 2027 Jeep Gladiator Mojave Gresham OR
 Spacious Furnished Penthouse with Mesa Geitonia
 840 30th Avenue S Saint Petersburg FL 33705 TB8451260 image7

....

What to do - Copy the full listing word for word.

Expected output -
 2027 Jeep Gladiator Mojave Gresham OR
 Spacious Furnished Penthouse with Mesa Geitonia
 840 30th Avenue S Saint Petersburg FL 33705 TB8451260 image7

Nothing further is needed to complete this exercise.